With an opportunity to draw from what he considers the deepest pool of American-born talent ever assembled, Stan Bowman welcomes expectations that come with being the general manager of USA Hockey’s 2022 Olympic men’s national team.
”I’m humbled and honored and can’t wait to get started,” the three-time Stanley Cup-winning Chicago Blackhawks GM said upon being selected for the U.S. team post on Wednesday.
”You just look around the NHL and we’ve got American players all over the place doing special things every night,” he added. ”There’s going to be some challenges trying to decide who’s ultimately part of the team. But that’s what makes it so much fun.”
The NHL still needs to resolve several issues with the International Olympic Committee before giving the OK to have its players compete at the 2022 Beijing Games, and after backing out of the 2018 Pyeongchang Games. Formal talks aren’t expected to resume until after the Tokyo Games are completed this summer.
In anticipation of a resolution, USA Hockey went ahead and began assembling its management team.

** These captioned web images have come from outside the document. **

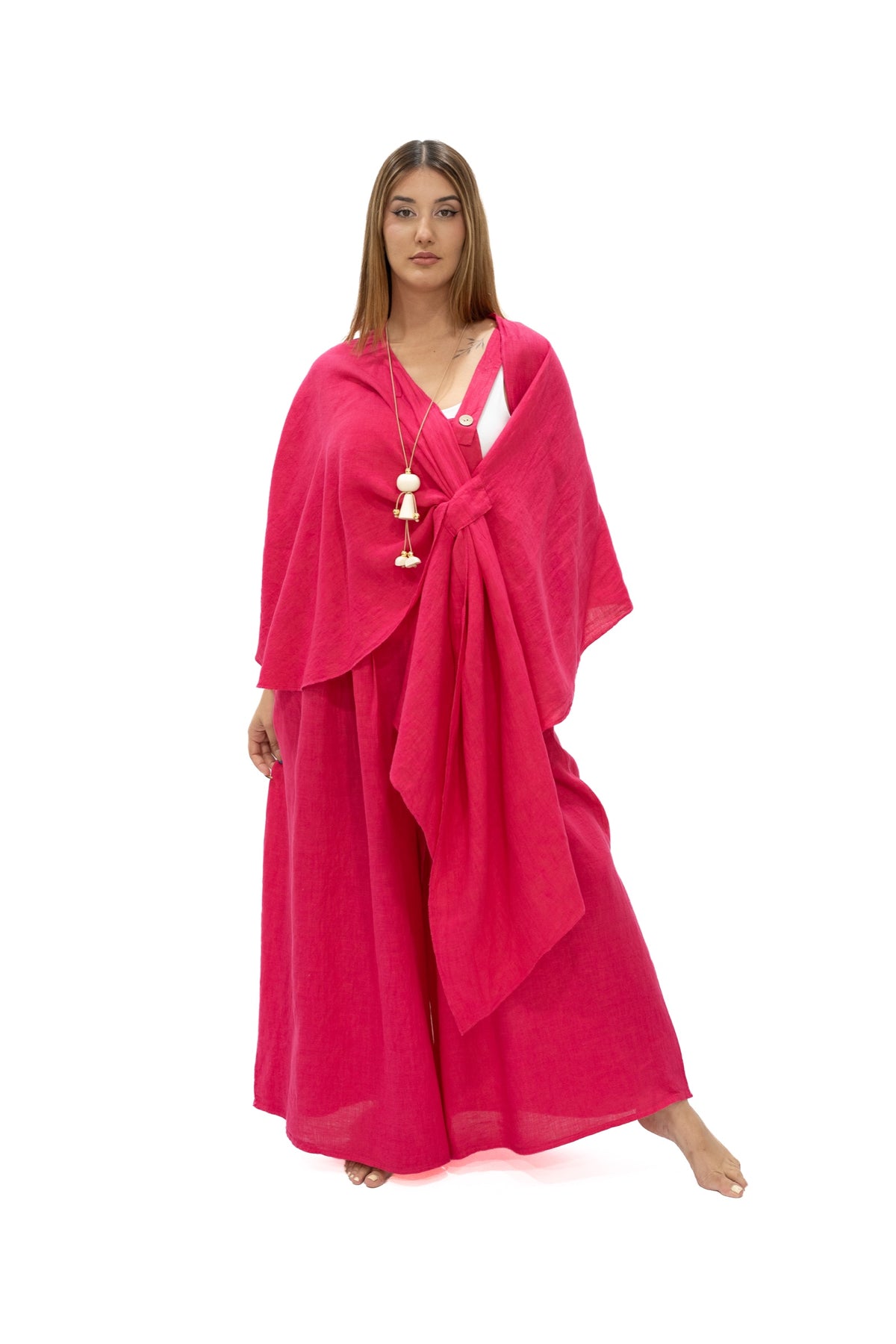 Set Túnica Chichi y Jumper Cira lino fucsia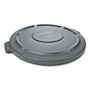 Rubbermaid Round Flat Top Lid, for 32-Gallon Round Brute Containers, 22 1/4", dia., Gray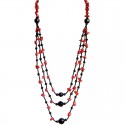 Red Howlite Stone Black Bead Three Layer Long Necklace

Along with Bowman, Minnesota Wild GM and three-time U.S. Olympian Bill Guerin will be the team’s assistant general manager. Together they will identify a coach and begin targeting players to invite to an orientation camp tentatively scheduled for this summer.

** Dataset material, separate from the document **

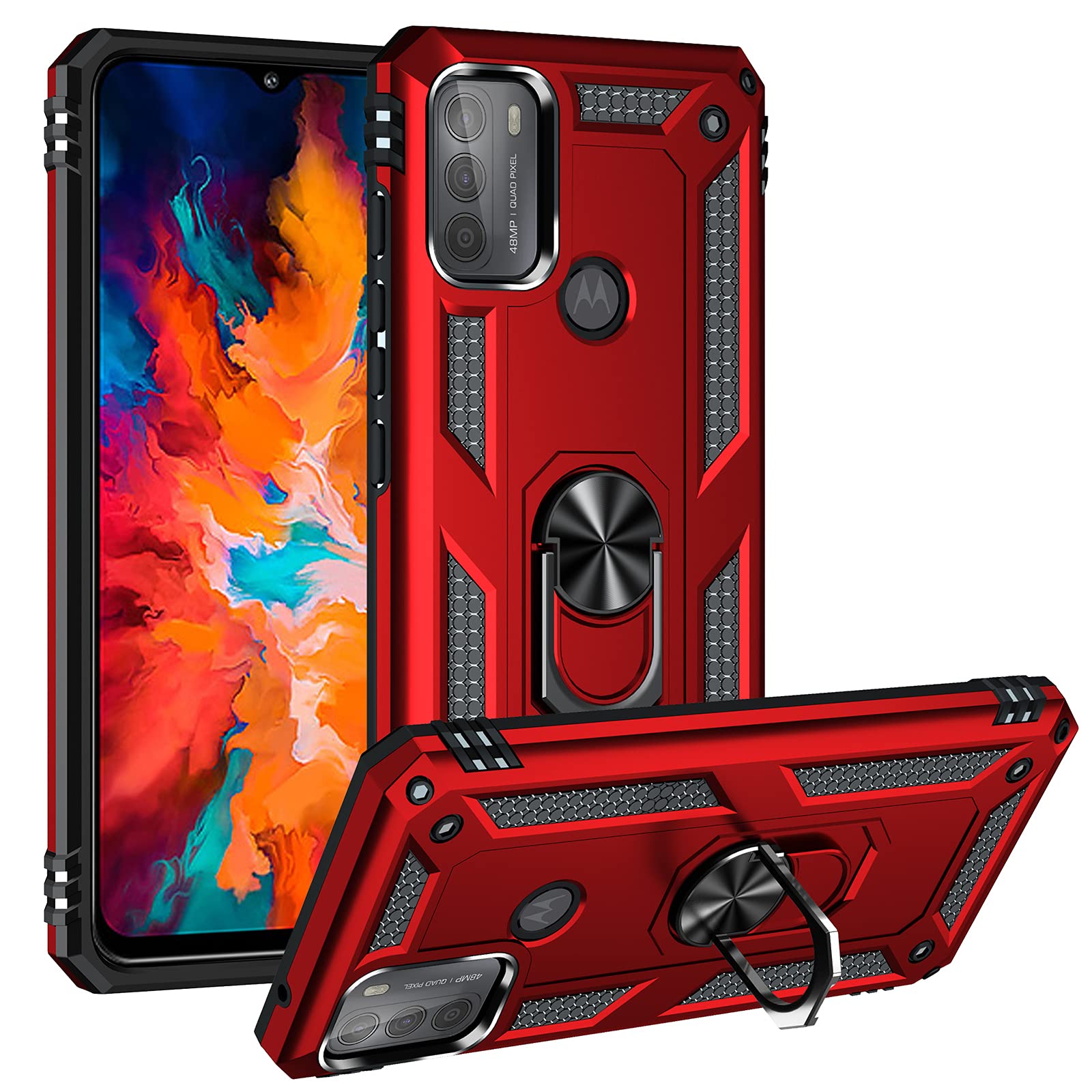 SHIEID Rugged Armor Case for Motorola Moto G50 Shockproof and Bumper Back Cases with Kickstand Function Protective Phone Cover for Motorola Moto G50-Red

That pool of talent has grown dramatically since the U.S. finished fourth at the Sochi Games in 2014, the last time the Olympics featured NHLers.

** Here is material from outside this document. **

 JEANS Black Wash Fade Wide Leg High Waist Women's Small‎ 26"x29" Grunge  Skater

The list of potential first-time American Olympians include Toronto’s Austin Matthews, Buffalo’s Jack Eichel, New Jersey’s Jack Hughes, Chicago’s Alex DeBrincat, New York Rangers defenseman Adam Fox and Vancouver defenseman Quinn Hughes, Jack’s brother. The U.S. talent pool of goalies is headed by Winnipeg’s Connor Hellebuyck and Vancouver’s Thatcher Demko.
They have the potential of joining an Olympic-experienced core of Patrick Kane, John Carlson and Blake Wheeler.
Bowman said it’s premature to determine what identity the team will adopt, but stressed it will be built with an eye on playing various styles.
”If you you try to build it with one thing in mind, that’s probably not the right approach,” Bowman said. ”At the end of the day, you’re building a team that has to beat a number of different teams if you want to go all the way and win.”
The U.S. has a spotty Olympic past, having won silver medals just twice – in 2002 and 2010 – in the five times it featured NHL talent. And the Americans count only two gold medals, the last won by the acclaimed ”Miracle On Ice” squad at the 1980 Games in Lake Placid.
Bowman was 6 when that happened, and recalled watching the Americans celebrate while sitting on his grandmother’s lap.
”I didn’t really appreciate the backdrop and the significance of that victory until I was a lot older,” said Bowman, son of Hockey Hall of Famer and nine-time Stanley Cup-winning coach Scott Bowman.
”Over time, I’ve come to see the context of that team in 1980 and what it really meant for hockey development across the United States,” he added. ”And here we are, 40-some-odd years later, and we’ve seen the tremendous growth of our sport. I think that’s something that really is exciting for me to see and to be a part of.”
Bowman has been a member of USA Hockey’s advisory group since 2012, and also served as co-GM of the 2016 World Cup of Hockey’s Team North America, which was made up of NHL players 25 and younger.